Our pathways: engineering, agriculture, graphic design, culinary, early childhood, allied health, welding, industrial maintenance, diesel mechanics, and our business has: accounting, financial services, entrepreneurship, and administrative support. We offer all of these with some really fantastic teachers.”

Student Recognitions

The Board recognized two HCHS students – Rylann Kessans, who made the 2023 All State Choir, and Adalyn Boutcher, National Beta State Convention Painting Champion. All in attendance at the meeting gave a big round of applause in celebration of their outstanding accomplishments.

Rylann, freshman, competed against students from all across the state to make the All State Choir this year. She performed in Louisville at the Kentucky Center for the Arts on Thursday, February 9th, in conjunction with the KMEA Conference.

“This is the second year Rylann has competed at All State,” Superintendent Robby Asberry said. He invited her up to speak, and tell about her experience at the conference. “At All State, it’s a really positive environment,” Rylann said. “All these talented people together with this renowned conductor. It’s just a really fun time.”

Adalyn, senior, won First Place in Painting, Division 2, at the National Beta State Convention this year in Lexington, on January 16th, for her acrylic self-portrait. She is now eligible for the National Beta Competition held in June. “It was the first self-portrait I’ve ever done,” Adalyn said.

HCHS Art Teacher, Greg Tate, spoke to the Board about Adalyn’s achievement. “She had painted another piece that she was going to enter, and Addie’s strong point is her portraits. They’re out of this world. We talked a little bit before the contest and about what could push it over the top. Last year she had earned third place doing a portrait of someone else, so we talked about her doing a portrait of herself. This was a picture someone else had taken of her. She painted it in two and a half days. This girl is so talented.”

Superintendent’s Closing Statement

“I felt like those two presentations and ones we’ve had before show that we have a lot of great things going on in our district,” Asberry said. “I have an outstanding administrative team here at central office and all of our buildings’ administration. It’s a team effort. I can’t take any credit on any of these things by myself.”

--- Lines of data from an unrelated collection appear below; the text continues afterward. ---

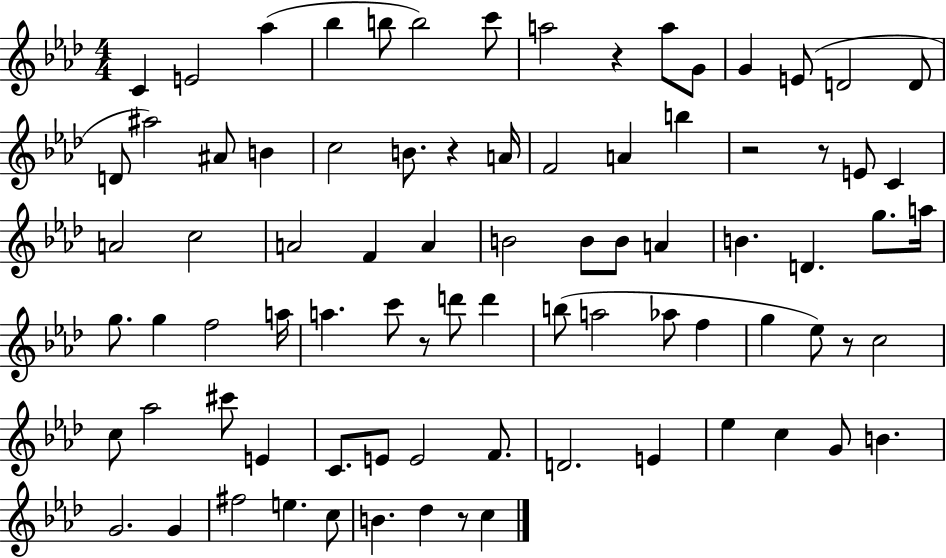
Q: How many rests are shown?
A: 7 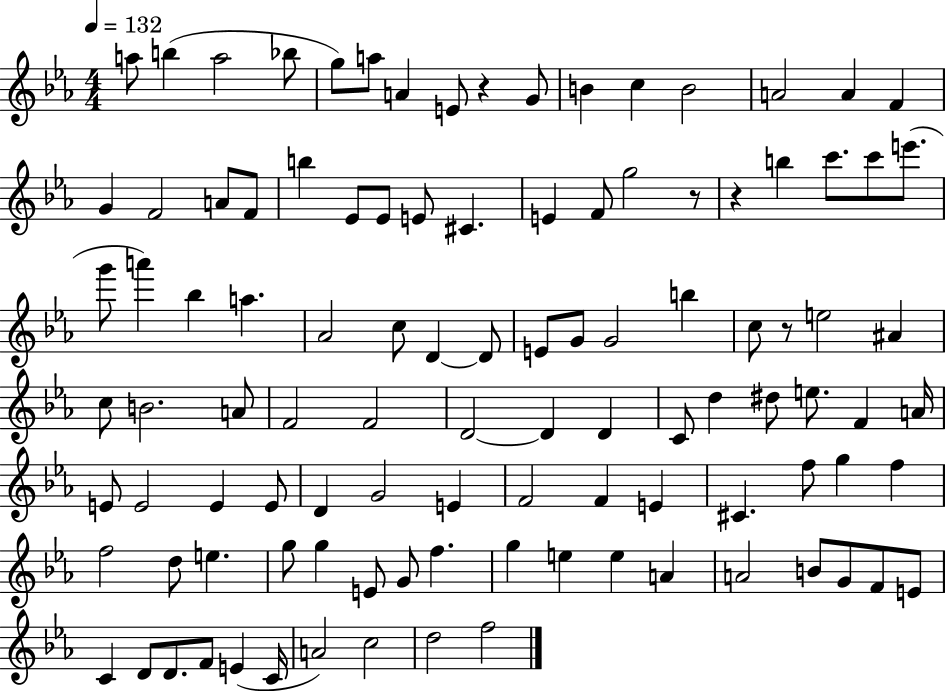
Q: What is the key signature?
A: EES major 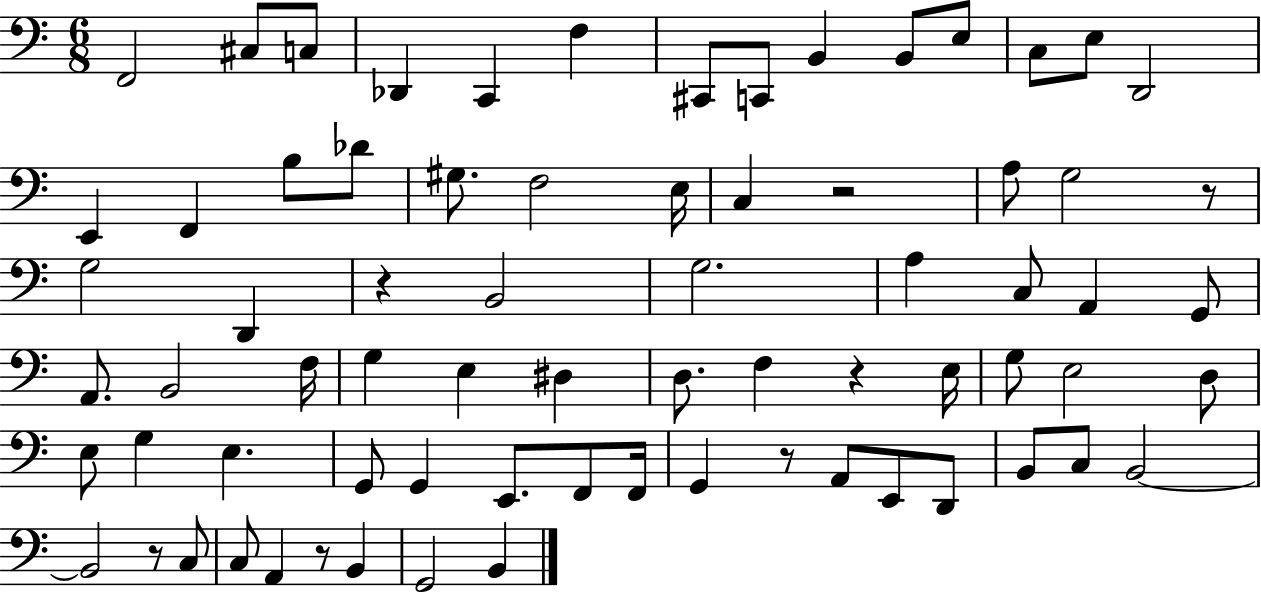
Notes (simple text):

F2/h C#3/e C3/e Db2/q C2/q F3/q C#2/e C2/e B2/q B2/e E3/e C3/e E3/e D2/h E2/q F2/q B3/e Db4/e G#3/e. F3/h E3/s C3/q R/h A3/e G3/h R/e G3/h D2/q R/q B2/h G3/h. A3/q C3/e A2/q G2/e A2/e. B2/h F3/s G3/q E3/q D#3/q D3/e. F3/q R/q E3/s G3/e E3/h D3/e E3/e G3/q E3/q. G2/e G2/q E2/e. F2/e F2/s G2/q R/e A2/e E2/e D2/e B2/e C3/e B2/h B2/h R/e C3/e C3/e A2/q R/e B2/q G2/h B2/q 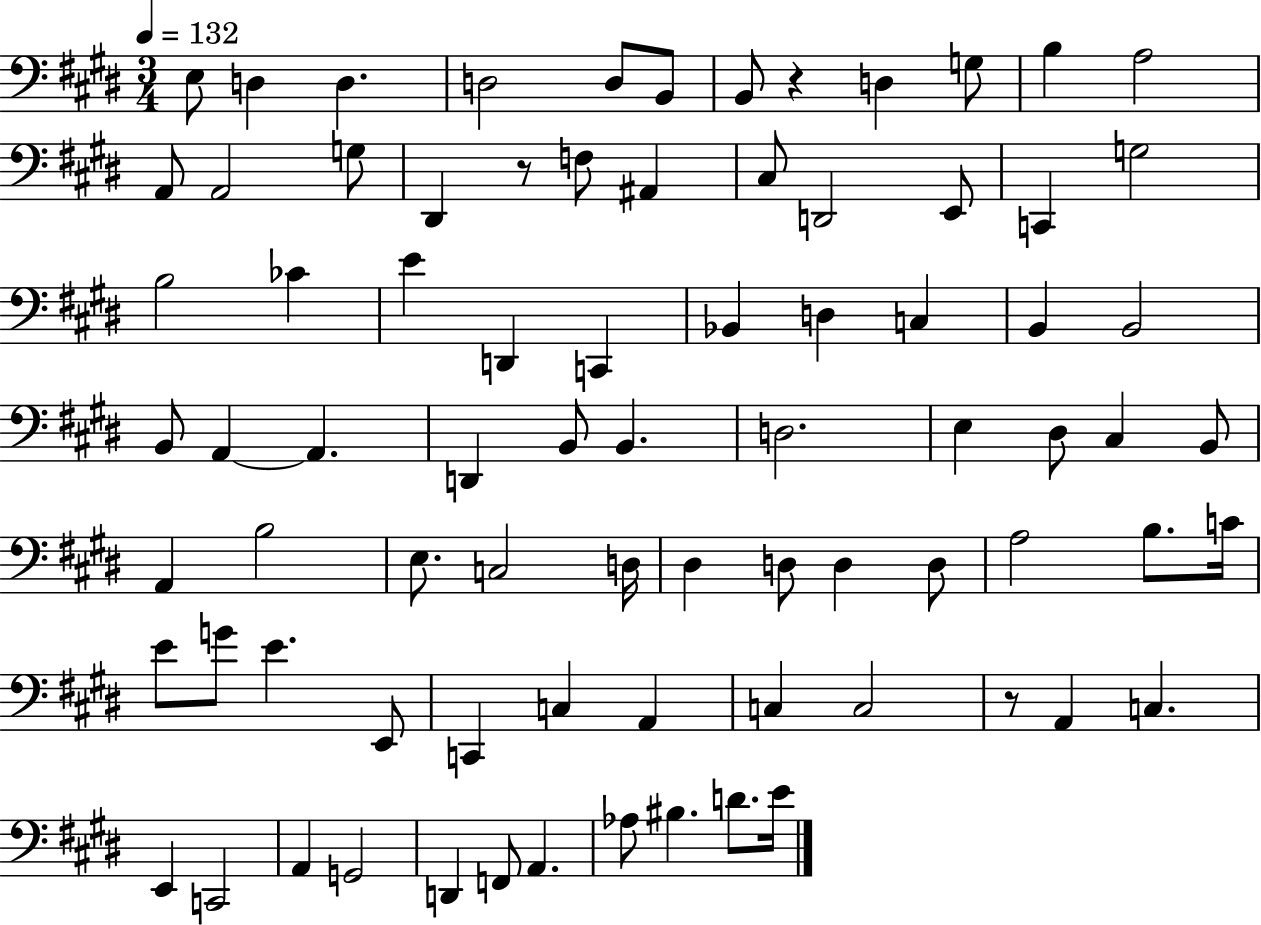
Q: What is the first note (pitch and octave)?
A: E3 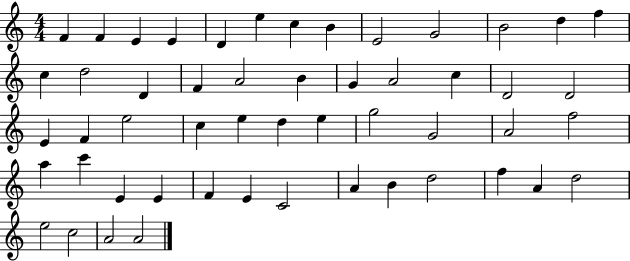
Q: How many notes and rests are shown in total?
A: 52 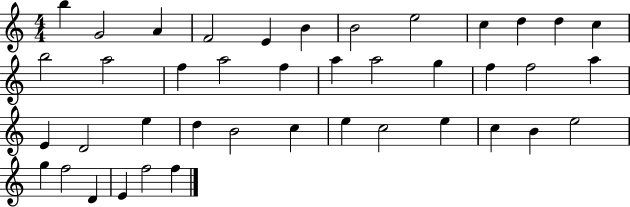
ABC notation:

X:1
T:Untitled
M:4/4
L:1/4
K:C
b G2 A F2 E B B2 e2 c d d c b2 a2 f a2 f a a2 g f f2 a E D2 e d B2 c e c2 e c B e2 g f2 D E f2 f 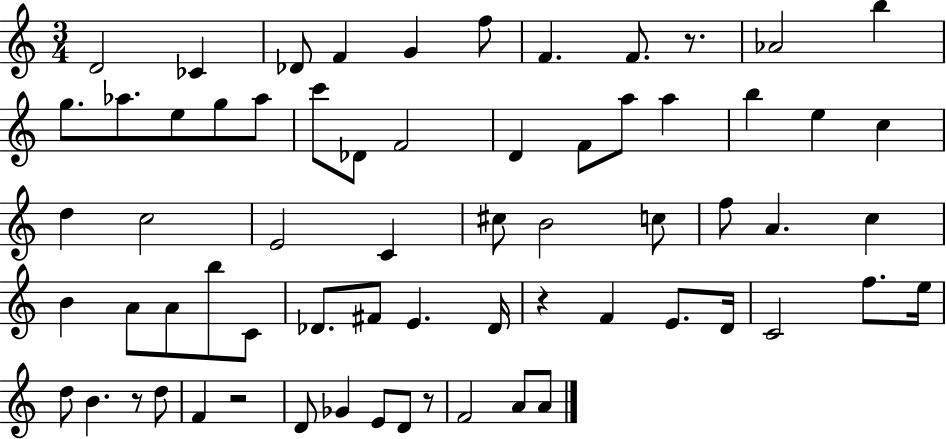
{
  \clef treble
  \numericTimeSignature
  \time 3/4
  \key c \major
  d'2 ces'4 | des'8 f'4 g'4 f''8 | f'4. f'8. r8. | aes'2 b''4 | \break g''8. aes''8. e''8 g''8 aes''8 | c'''8 des'8 f'2 | d'4 f'8 a''8 a''4 | b''4 e''4 c''4 | \break d''4 c''2 | e'2 c'4 | cis''8 b'2 c''8 | f''8 a'4. c''4 | \break b'4 a'8 a'8 b''8 c'8 | des'8. fis'8 e'4. des'16 | r4 f'4 e'8. d'16 | c'2 f''8. e''16 | \break d''8 b'4. r8 d''8 | f'4 r2 | d'8 ges'4 e'8 d'8 r8 | f'2 a'8 a'8 | \break \bar "|."
} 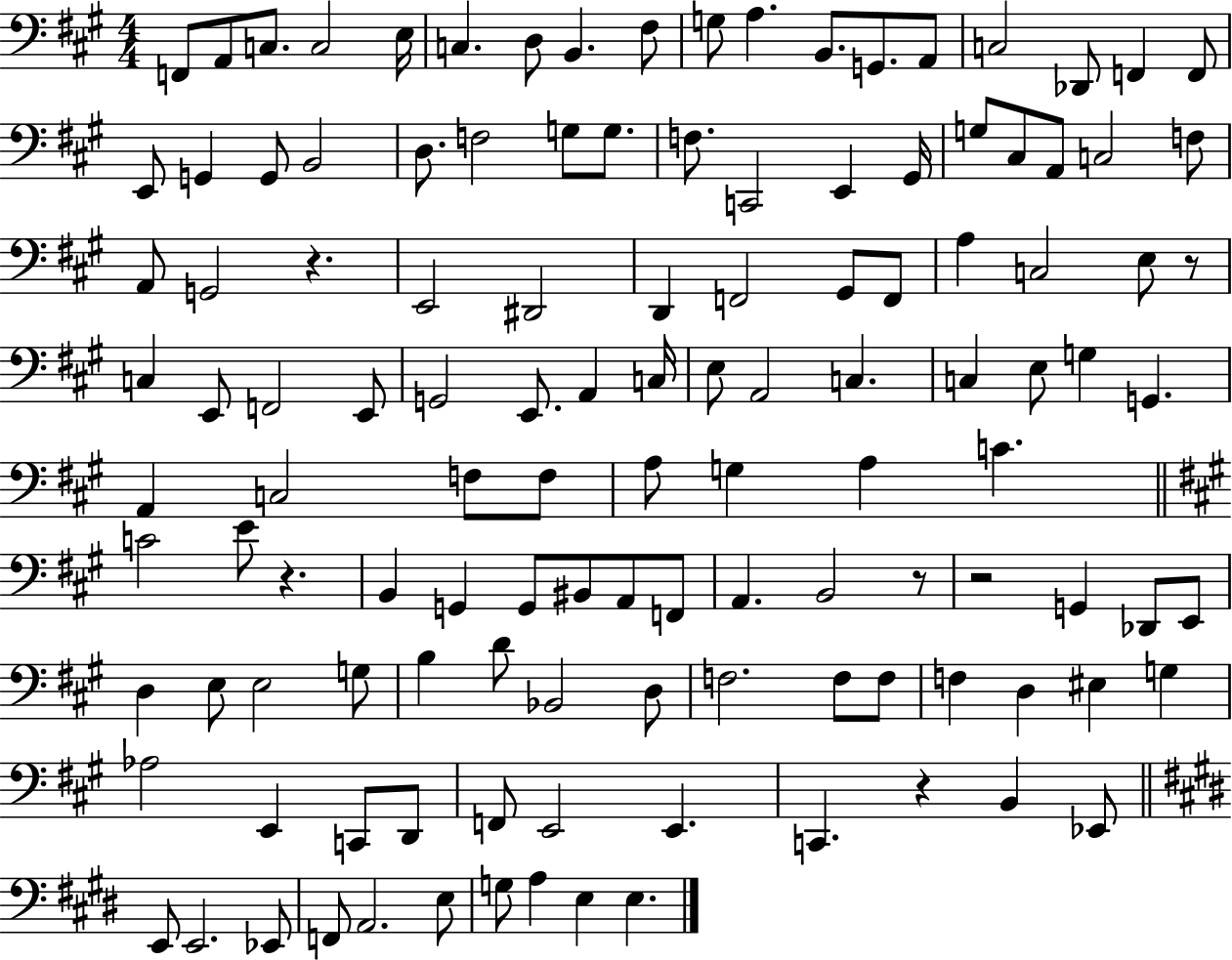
{
  \clef bass
  \numericTimeSignature
  \time 4/4
  \key a \major
  f,8 a,8 c8. c2 e16 | c4. d8 b,4. fis8 | g8 a4. b,8. g,8. a,8 | c2 des,8 f,4 f,8 | \break e,8 g,4 g,8 b,2 | d8. f2 g8 g8. | f8. c,2 e,4 gis,16 | g8 cis8 a,8 c2 f8 | \break a,8 g,2 r4. | e,2 dis,2 | d,4 f,2 gis,8 f,8 | a4 c2 e8 r8 | \break c4 e,8 f,2 e,8 | g,2 e,8. a,4 c16 | e8 a,2 c4. | c4 e8 g4 g,4. | \break a,4 c2 f8 f8 | a8 g4 a4 c'4. | \bar "||" \break \key a \major c'2 e'8 r4. | b,4 g,4 g,8 bis,8 a,8 f,8 | a,4. b,2 r8 | r2 g,4 des,8 e,8 | \break d4 e8 e2 g8 | b4 d'8 bes,2 d8 | f2. f8 f8 | f4 d4 eis4 g4 | \break aes2 e,4 c,8 d,8 | f,8 e,2 e,4. | c,4. r4 b,4 ees,8 | \bar "||" \break \key e \major e,8 e,2. ees,8 | f,8 a,2. e8 | g8 a4 e4 e4. | \bar "|."
} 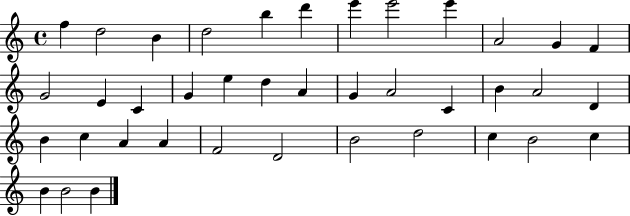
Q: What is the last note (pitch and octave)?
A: B4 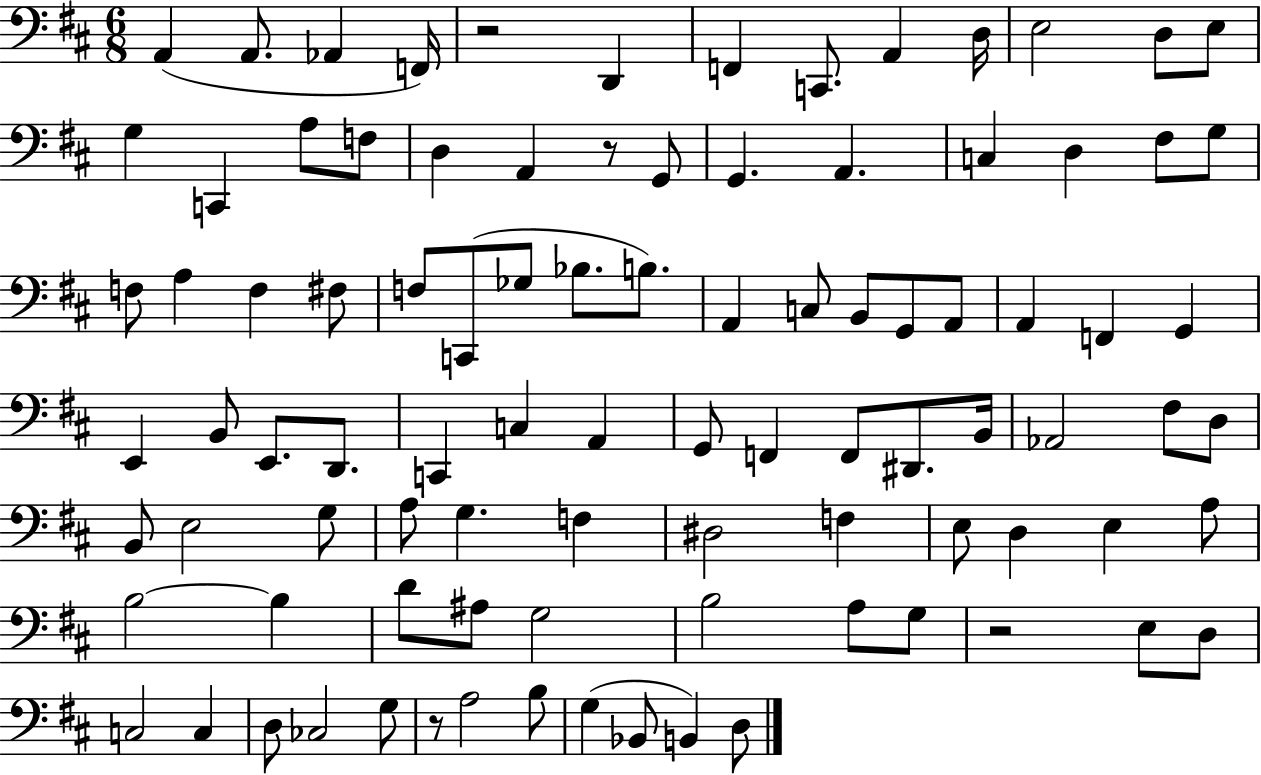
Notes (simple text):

A2/q A2/e. Ab2/q F2/s R/h D2/q F2/q C2/e. A2/q D3/s E3/h D3/e E3/e G3/q C2/q A3/e F3/e D3/q A2/q R/e G2/e G2/q. A2/q. C3/q D3/q F#3/e G3/e F3/e A3/q F3/q F#3/e F3/e C2/e Gb3/e Bb3/e. B3/e. A2/q C3/e B2/e G2/e A2/e A2/q F2/q G2/q E2/q B2/e E2/e. D2/e. C2/q C3/q A2/q G2/e F2/q F2/e D#2/e. B2/s Ab2/h F#3/e D3/e B2/e E3/h G3/e A3/e G3/q. F3/q D#3/h F3/q E3/e D3/q E3/q A3/e B3/h B3/q D4/e A#3/e G3/h B3/h A3/e G3/e R/h E3/e D3/e C3/h C3/q D3/e CES3/h G3/e R/e A3/h B3/e G3/q Bb2/e B2/q D3/e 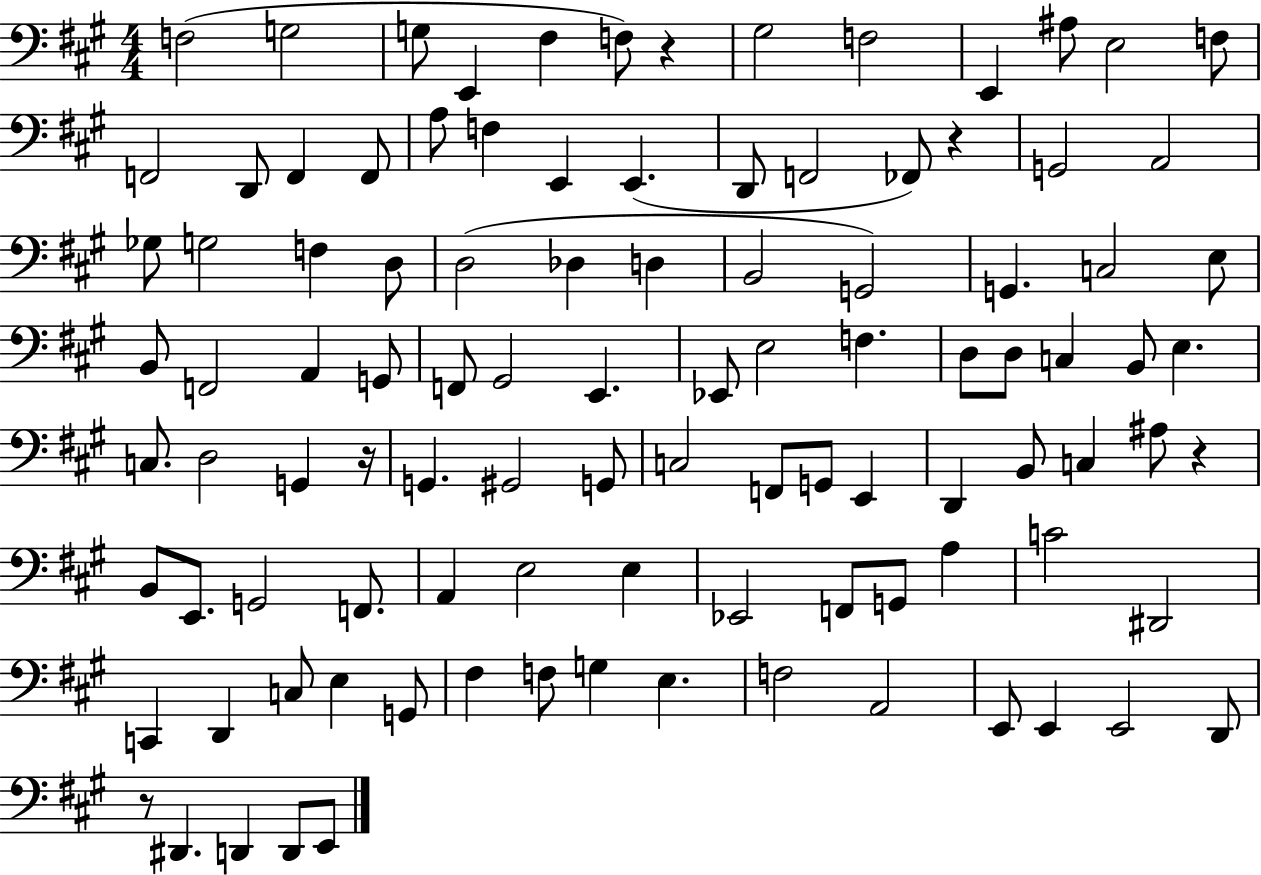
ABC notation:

X:1
T:Untitled
M:4/4
L:1/4
K:A
F,2 G,2 G,/2 E,, ^F, F,/2 z ^G,2 F,2 E,, ^A,/2 E,2 F,/2 F,,2 D,,/2 F,, F,,/2 A,/2 F, E,, E,, D,,/2 F,,2 _F,,/2 z G,,2 A,,2 _G,/2 G,2 F, D,/2 D,2 _D, D, B,,2 G,,2 G,, C,2 E,/2 B,,/2 F,,2 A,, G,,/2 F,,/2 ^G,,2 E,, _E,,/2 E,2 F, D,/2 D,/2 C, B,,/2 E, C,/2 D,2 G,, z/4 G,, ^G,,2 G,,/2 C,2 F,,/2 G,,/2 E,, D,, B,,/2 C, ^A,/2 z B,,/2 E,,/2 G,,2 F,,/2 A,, E,2 E, _E,,2 F,,/2 G,,/2 A, C2 ^D,,2 C,, D,, C,/2 E, G,,/2 ^F, F,/2 G, E, F,2 A,,2 E,,/2 E,, E,,2 D,,/2 z/2 ^D,, D,, D,,/2 E,,/2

He listed many achievements they are proud of: “We’ve implemented a new social studies curriculum K-12, improved reading proficiency with new reading curriculums K-5 & 9-12, helped elementary teachers to be trained in Orton-Gillingham and LETRS, which we’re almost at 100%, we’ve improved reading proficiency adding tier one and tier three reading programs, we’ve provided reading interventions for all students K-5 at 30 percentile and below, we’ll be implementing a new science curriculum this year, we have a top 30 school district overall, top 30 high school district, and top 25 middle school district. And, everything else that was said tonight and the last time the middle school and South (Hancock) presented. You have a lot of things going on and, obviously, student achievement and instruction is at the forefront of what we strive for every day.

As we saw with some of the videos tonight, I feel like the culture is really good right now in the district, because we feel like we’re all a part of the same team and we’re all going toward the same goal. I feel like you can tell that when you talk to the teachers.

We communicate expectations and goals during all of our opening day speeches and emails and everything that we’ve put out, conducted multiple media interviews, continued to maintain school safety and scheduled updates, we’ve established visibility in the schools of the community, we’ve recognized multiple recognitions of student success to the board members, and helped fill-in jobs during staff shortages. All-in-all, I feel like our instruction is going right where we need it to go, and I feel the same way about our culture.”

Last Day of School Change

The Board approved an amendment for the 2022-2023 School Calendar. “Last day of school will be Friday, May 19th,” Asberry stated. “Graduation will be that night at 6 p.m.”

Treasurer’s Report

Kara Eckles, Board Treasurer and Director of Finance, reported: “We had receipts of $1,444,492, expenses of $1,268,951, and that balance, at the end of the month, at $7,144,030.